Lines from the beginning of the data below through the one containing "T4 Syndrome" are to be printed exactly as they appear.

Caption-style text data
»»
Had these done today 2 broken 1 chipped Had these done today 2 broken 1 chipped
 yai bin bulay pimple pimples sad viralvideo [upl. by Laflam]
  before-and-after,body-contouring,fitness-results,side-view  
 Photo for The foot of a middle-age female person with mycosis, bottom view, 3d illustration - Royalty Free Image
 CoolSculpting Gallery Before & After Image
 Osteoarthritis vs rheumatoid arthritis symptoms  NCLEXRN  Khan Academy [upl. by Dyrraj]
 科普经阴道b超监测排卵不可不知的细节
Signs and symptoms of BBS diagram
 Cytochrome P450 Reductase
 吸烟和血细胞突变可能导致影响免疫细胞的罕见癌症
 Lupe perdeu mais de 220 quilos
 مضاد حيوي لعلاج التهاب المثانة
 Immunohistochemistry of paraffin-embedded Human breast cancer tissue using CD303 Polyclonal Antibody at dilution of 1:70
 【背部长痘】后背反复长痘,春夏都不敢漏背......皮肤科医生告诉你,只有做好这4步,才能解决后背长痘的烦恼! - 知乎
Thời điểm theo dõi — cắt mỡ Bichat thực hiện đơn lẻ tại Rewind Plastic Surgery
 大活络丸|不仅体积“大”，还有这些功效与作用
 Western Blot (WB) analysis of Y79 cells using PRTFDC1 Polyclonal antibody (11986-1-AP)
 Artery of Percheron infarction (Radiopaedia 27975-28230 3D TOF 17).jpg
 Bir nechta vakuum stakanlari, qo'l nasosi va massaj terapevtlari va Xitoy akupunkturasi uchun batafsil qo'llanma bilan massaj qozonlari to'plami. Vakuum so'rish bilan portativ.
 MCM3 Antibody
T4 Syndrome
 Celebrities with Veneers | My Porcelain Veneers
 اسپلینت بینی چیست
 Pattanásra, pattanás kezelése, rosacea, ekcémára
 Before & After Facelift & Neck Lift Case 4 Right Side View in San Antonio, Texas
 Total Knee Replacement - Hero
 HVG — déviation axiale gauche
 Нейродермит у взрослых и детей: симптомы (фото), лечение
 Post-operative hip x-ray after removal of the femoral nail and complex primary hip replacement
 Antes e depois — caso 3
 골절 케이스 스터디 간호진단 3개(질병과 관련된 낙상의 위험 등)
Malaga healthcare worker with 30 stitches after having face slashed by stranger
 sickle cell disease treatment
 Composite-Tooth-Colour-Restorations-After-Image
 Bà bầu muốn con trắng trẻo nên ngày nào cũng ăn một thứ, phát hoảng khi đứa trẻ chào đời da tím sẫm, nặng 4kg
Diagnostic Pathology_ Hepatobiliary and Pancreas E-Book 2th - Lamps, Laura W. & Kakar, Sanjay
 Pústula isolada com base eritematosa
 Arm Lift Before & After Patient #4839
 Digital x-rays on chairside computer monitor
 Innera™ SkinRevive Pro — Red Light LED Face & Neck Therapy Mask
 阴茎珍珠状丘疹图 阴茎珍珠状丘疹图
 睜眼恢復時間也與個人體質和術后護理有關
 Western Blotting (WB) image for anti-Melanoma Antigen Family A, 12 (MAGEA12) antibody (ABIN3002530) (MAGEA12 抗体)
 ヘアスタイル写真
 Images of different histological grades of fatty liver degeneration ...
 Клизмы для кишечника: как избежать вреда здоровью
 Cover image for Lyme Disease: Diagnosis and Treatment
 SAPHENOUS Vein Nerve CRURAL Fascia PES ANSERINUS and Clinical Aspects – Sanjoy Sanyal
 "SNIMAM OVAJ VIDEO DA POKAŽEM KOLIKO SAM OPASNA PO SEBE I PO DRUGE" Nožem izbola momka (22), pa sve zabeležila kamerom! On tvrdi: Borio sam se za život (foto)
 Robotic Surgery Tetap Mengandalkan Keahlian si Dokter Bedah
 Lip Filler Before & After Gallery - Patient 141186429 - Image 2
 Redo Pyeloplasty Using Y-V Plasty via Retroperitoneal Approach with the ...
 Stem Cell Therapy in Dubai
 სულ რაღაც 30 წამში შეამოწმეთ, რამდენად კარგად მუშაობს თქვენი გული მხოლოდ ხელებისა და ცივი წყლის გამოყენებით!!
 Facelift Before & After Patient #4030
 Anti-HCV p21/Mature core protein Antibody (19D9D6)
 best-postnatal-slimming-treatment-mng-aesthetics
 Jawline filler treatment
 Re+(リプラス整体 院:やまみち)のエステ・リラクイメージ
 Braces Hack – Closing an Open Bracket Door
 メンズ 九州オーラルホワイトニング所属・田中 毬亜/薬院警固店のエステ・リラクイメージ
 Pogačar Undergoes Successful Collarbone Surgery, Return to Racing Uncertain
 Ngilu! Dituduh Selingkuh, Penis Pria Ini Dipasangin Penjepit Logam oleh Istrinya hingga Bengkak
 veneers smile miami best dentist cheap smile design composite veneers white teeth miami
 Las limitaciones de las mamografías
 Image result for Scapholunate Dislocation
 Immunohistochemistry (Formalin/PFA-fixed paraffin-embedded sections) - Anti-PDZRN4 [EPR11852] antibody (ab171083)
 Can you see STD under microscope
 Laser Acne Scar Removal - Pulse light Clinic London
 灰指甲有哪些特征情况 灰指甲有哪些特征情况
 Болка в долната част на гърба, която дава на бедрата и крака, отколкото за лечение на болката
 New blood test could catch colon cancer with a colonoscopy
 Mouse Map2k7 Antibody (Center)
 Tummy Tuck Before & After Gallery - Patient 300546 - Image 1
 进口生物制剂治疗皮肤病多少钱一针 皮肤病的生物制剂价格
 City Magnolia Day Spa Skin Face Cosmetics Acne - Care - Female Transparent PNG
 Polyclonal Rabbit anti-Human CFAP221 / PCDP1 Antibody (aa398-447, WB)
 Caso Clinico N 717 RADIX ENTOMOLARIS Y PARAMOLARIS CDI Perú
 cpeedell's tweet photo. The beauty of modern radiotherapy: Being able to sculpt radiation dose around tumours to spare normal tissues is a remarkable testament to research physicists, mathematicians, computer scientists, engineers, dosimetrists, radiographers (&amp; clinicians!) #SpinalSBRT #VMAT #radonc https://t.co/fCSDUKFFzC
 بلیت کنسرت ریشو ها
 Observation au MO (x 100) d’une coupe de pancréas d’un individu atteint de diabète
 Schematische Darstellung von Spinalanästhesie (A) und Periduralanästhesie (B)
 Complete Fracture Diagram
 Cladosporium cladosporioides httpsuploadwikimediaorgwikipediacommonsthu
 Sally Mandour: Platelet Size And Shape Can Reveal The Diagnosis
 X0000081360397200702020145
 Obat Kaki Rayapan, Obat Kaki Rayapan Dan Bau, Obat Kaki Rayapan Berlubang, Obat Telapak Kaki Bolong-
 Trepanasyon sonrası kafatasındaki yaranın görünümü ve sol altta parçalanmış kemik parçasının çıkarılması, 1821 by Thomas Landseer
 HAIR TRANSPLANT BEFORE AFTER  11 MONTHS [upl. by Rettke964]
««
* [Result for this exercise]
Had these done today 2 broken 1 chipped Had these done today 2 broken 1 chipped
 yai bin bulay pimple pimples sad viralvideo [upl. by Laflam]
  before-and-after,body-contouring,fitness-results,side-view  
 Photo for The foot of a middle-age female person with mycosis, bottom view, 3d illustration - Royalty Free Image
 CoolSculpting Gallery Before & After Image
 Osteoarthritis vs rheumatoid arthritis symptoms  NCLEXRN  Khan Academy [upl. by Dyrraj]
 科普经阴道b超监测排卵不可不知的细节
Signs and symptoms of BBS diagram
 Cytochrome P450 Reductase
 吸烟和血细胞突变可能导致影响免疫细胞的罕见癌症
 Lupe perdeu mais de 220 quilos
 مضاد حيوي لعلاج التهاب المثانة
 Immunohistochemistry of paraffin-embedded Human breast cancer tissue using CD303 Polyclonal Antibody at dilution of 1:70
 【背部长痘】后背反复长痘,春夏都不敢漏背......皮肤科医生告诉你,只有做好这4步,才能解决后背长痘的烦恼! - 知乎
Thời điểm theo dõi — cắt mỡ Bichat thực hiện đơn lẻ tại Rewind Plastic Surgery
 大活络丸|不仅体积“大”，还有这些功效与作用
 Western Blot (WB) analysis of Y79 cells using PRTFDC1 Polyclonal antibody (11986-1-AP)
 Artery of Percheron infarction (Radiopaedia 27975-28230 3D TOF 17).jpg
 Bir nechta vakuum stakanlari, qo'l nasosi va massaj terapevtlari va Xitoy akupunkturasi uchun batafsil qo'llanma bilan massaj qozonlari to'plami. Vakuum so'rish bilan portativ.
 MCM3 Antibody
T4 Syndrome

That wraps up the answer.